**ACTIVITY**
In the listing below, find the line containing "1 T Vandaag streamstill 20210701" and the line containing "Baby Jersey Bodysuit", then copy exactly everything from the first through the second, except the pictures.

**SUPPLIED INFORMATION**

.....

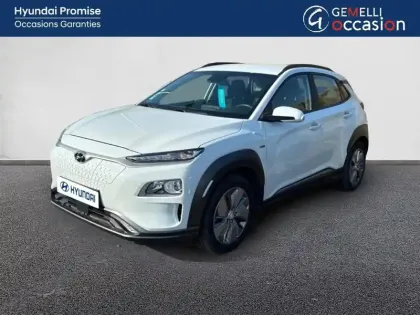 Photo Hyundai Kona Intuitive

.....

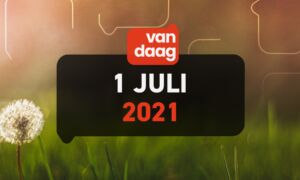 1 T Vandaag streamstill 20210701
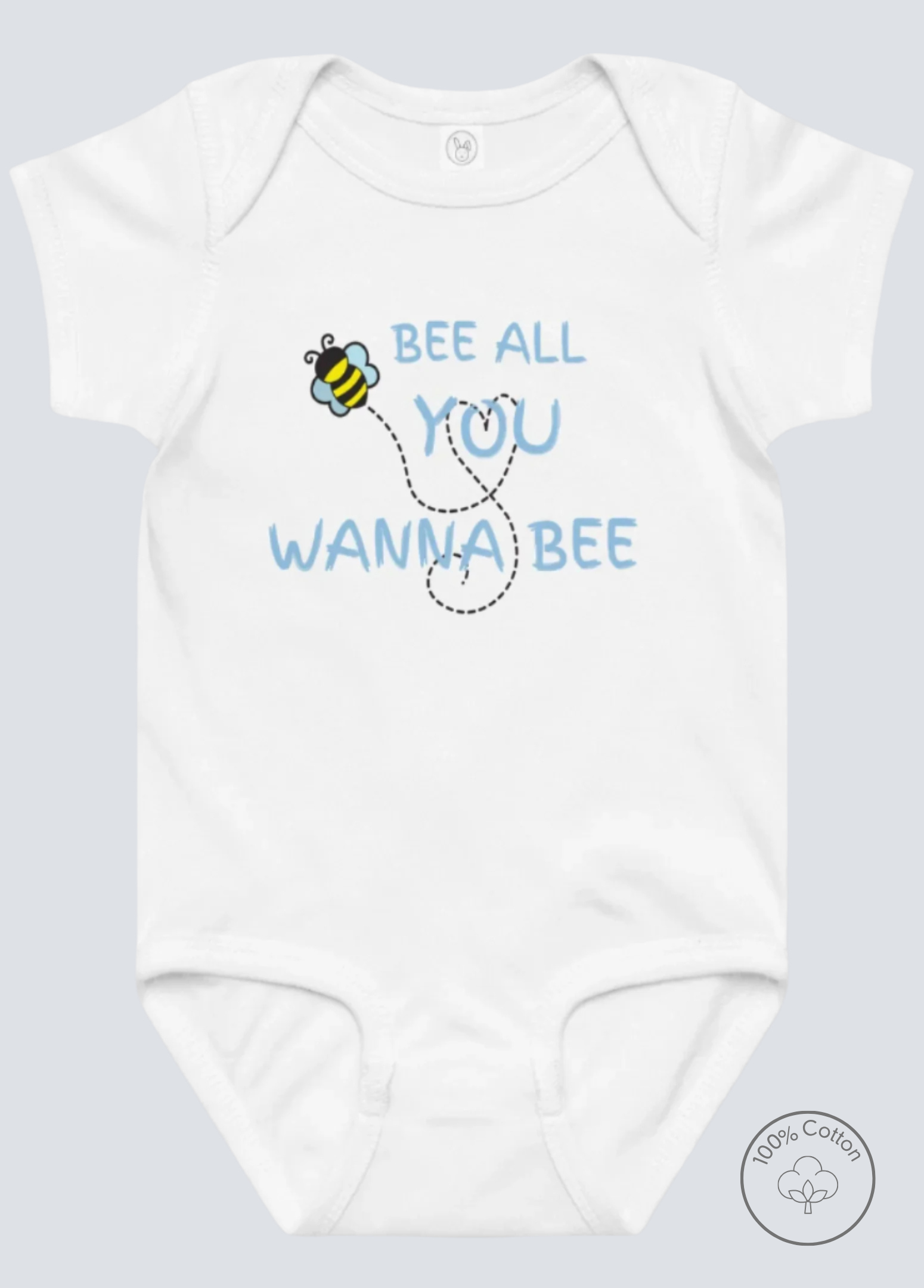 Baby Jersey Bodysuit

.....

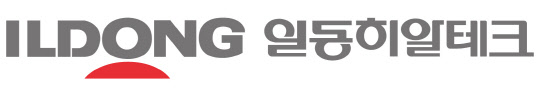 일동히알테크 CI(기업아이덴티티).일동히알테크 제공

.....

**EXERCISE RESULT**
 1 T Vandaag streamstill 20210701
 Baby Jersey Bodysuit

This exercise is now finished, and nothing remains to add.